Simulation: Fig. 2 shows the simulated plots of reflection coefficient (S₁₁) of each monopole element and the transmission coefficients between adjacent elements (S₂₁), next adjacent elements (S₃₁) and opposite elements (S₅₁). Fig. 3 shows the simulated B₁⁺ filed of ICE-decoupled monopole arrays with different D_d. These arrays were excited in birdcage-like mode, applying 1 W power to each port, with a sequential 45 degree phase increment. For the non-optimized array, i.e., D_d=0 cm, the B₁⁺ field decreased obviously at the areas near decoupling elements, as shown in the white circles in Fig. 3. As the D_d increase, this B₁⁺ decrease become less obvious. It can be concluded from Fig. 3 that the dark spots in human images are mainly caused by the diminished B₁⁺ field at these areas.

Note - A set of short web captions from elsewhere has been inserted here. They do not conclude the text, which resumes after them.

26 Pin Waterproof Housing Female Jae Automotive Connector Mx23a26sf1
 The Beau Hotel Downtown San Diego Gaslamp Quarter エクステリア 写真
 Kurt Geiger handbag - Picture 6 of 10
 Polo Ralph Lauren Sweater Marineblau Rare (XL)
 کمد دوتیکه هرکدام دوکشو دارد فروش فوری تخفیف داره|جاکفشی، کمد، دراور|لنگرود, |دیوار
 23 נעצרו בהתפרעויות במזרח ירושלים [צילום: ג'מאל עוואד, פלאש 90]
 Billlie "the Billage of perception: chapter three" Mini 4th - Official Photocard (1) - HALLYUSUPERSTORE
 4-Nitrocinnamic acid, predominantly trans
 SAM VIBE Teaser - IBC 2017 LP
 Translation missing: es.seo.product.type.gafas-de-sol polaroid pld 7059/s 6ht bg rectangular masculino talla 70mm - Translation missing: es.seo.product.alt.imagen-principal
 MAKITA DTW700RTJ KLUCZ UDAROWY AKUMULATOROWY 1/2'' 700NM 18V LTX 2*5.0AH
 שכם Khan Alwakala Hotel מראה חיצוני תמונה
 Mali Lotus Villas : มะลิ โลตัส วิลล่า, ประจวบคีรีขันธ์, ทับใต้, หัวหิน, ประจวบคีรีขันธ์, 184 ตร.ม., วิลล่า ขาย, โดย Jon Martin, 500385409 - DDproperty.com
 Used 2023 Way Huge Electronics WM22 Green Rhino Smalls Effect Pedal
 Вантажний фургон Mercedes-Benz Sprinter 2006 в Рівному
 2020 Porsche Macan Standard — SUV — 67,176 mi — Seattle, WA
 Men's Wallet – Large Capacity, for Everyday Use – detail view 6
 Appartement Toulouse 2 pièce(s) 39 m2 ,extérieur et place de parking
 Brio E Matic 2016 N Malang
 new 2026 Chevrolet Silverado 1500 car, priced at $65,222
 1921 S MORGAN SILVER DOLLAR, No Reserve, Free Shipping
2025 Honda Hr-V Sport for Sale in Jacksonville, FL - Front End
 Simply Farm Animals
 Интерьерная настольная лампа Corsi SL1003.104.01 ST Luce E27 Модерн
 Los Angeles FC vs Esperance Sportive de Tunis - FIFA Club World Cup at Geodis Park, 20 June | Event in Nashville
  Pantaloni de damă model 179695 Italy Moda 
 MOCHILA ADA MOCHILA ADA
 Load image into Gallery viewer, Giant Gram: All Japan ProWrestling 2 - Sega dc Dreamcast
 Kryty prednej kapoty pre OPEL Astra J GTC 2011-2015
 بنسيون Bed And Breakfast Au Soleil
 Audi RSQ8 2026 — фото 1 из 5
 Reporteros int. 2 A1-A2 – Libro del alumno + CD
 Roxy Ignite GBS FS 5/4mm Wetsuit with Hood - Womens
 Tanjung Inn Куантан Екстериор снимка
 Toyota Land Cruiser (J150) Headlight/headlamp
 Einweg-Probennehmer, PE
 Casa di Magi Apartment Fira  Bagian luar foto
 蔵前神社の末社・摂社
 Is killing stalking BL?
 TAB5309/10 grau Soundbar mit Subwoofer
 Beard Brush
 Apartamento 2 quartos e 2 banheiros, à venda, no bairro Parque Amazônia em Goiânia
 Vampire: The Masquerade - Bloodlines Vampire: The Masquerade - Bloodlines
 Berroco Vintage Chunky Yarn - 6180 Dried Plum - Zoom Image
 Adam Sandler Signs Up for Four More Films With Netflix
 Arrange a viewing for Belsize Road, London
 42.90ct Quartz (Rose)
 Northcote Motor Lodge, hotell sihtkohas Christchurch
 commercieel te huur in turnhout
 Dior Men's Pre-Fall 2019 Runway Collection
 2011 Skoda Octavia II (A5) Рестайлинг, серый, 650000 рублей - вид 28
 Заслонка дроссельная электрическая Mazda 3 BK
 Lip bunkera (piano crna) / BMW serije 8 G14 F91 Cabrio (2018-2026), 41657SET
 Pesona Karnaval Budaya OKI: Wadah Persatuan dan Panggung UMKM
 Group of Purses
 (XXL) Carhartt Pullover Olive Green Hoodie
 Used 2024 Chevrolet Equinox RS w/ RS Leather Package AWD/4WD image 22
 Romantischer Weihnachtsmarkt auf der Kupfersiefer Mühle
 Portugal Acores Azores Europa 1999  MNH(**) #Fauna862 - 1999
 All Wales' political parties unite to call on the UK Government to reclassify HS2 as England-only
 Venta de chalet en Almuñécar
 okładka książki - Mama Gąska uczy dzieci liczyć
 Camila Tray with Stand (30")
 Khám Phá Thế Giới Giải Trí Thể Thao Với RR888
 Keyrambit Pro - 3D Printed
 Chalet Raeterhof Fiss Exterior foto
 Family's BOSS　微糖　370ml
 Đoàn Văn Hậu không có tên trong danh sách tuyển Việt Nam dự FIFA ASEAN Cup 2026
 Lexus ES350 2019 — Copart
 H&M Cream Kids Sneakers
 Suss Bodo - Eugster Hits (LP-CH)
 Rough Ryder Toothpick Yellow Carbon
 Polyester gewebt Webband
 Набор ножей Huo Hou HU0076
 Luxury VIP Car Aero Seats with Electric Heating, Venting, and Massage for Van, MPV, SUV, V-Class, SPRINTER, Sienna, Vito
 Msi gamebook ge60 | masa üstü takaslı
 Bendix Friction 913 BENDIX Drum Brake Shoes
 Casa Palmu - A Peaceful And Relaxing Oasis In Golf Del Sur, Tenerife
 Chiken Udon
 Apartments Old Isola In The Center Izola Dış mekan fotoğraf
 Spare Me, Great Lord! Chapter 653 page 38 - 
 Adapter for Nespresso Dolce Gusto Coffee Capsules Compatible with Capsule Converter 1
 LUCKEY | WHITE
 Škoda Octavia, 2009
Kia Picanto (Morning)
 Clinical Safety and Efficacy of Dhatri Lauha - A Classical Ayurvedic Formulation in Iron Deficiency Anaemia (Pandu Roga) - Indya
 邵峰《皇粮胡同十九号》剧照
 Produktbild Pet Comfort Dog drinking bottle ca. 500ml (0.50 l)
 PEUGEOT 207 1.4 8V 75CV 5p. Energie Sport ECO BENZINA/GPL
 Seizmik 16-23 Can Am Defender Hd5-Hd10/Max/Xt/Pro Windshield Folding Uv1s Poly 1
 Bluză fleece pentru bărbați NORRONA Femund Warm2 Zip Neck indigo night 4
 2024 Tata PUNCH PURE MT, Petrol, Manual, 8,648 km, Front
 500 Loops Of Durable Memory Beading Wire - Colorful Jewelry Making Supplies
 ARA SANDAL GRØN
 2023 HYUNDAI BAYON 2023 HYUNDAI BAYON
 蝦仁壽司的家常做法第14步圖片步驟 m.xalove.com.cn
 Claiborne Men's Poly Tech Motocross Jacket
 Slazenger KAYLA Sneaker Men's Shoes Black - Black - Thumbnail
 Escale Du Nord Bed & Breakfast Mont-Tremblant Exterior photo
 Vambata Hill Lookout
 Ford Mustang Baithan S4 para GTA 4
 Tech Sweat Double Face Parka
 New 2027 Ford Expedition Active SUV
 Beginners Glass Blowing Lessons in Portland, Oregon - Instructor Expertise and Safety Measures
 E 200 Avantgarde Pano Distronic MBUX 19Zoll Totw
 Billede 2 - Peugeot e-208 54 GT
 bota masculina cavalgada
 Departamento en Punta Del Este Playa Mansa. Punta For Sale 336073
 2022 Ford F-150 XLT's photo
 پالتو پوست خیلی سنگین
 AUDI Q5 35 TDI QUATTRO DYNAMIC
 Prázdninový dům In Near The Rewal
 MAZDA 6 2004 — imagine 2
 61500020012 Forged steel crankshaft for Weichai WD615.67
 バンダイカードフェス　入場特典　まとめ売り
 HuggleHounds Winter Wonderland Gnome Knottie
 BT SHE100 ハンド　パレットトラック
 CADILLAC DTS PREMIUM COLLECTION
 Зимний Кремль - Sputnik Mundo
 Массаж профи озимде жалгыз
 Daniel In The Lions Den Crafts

Experiments: To validate the simulation results, ICE-decoupled monopole arrays without (D_d=0 cm) and with optimization (D_d=2.5 cm) were built for comparison, as shown in Figs. 4A and 4B . S₂₁ plots between adjacent elements of both arrays were shown in Figs. 4C and 4D. Similar to simulation results, the isolation between adjacent elements is about -15 dB for optimized array and about -25 dB for non-optimized array. The average loaded Q values of each monopole element of the optimized and non-optimized arrays are ~16 and ~33, respectively.

A healthy female volunteer was scanned subsequently with the non-optimized and optimized array (written informed consent). B₁⁺ profiles on the same human head were mapped with a Turbo FLASH sequence and show in Figs. 4E and 4F. As expected, for non-optimized ICE-decoupled monopole array, dark spots were found at the peripheral areas in both B₁⁺ profile and MR images, as shown in Figs. 4E and 4G. For optimized array, however, the B₁⁺ field and MR image were more homogeneous and no dark spots were observed (Figs. 4F and 4H). Figs. 4G and 4H show GRE images using the two arrays. The imaging acquisition parameters were as follows: flip angle=25 degree, TR/TE= 120/6 ms, FOV=250×250 mm², matrix=256×256, slice thickness=5 mm, bandwidth=260 Hz/pixel. It is worth noting that optimized array has a little higher central SNR and lower surface SNR compared with the non-optimized array. This can also be predicated from the Q value results.

The MR imaging and simulation results show that an optimized arrange of ICE decoupling elements can be found to minimize the perturbation of decoupling elements to the B₁ fields of radiative coil arrays, and consequently imaging quality can be improved. The optimized distance between decoupling elements and coil elements in this specific array configuration was set to 2.5 cm. Compared with the non-optimized ICE decoupled monopole array, the optimized array has more homogeneous transmit field and has no dark spots or signal cancellations in the MR images.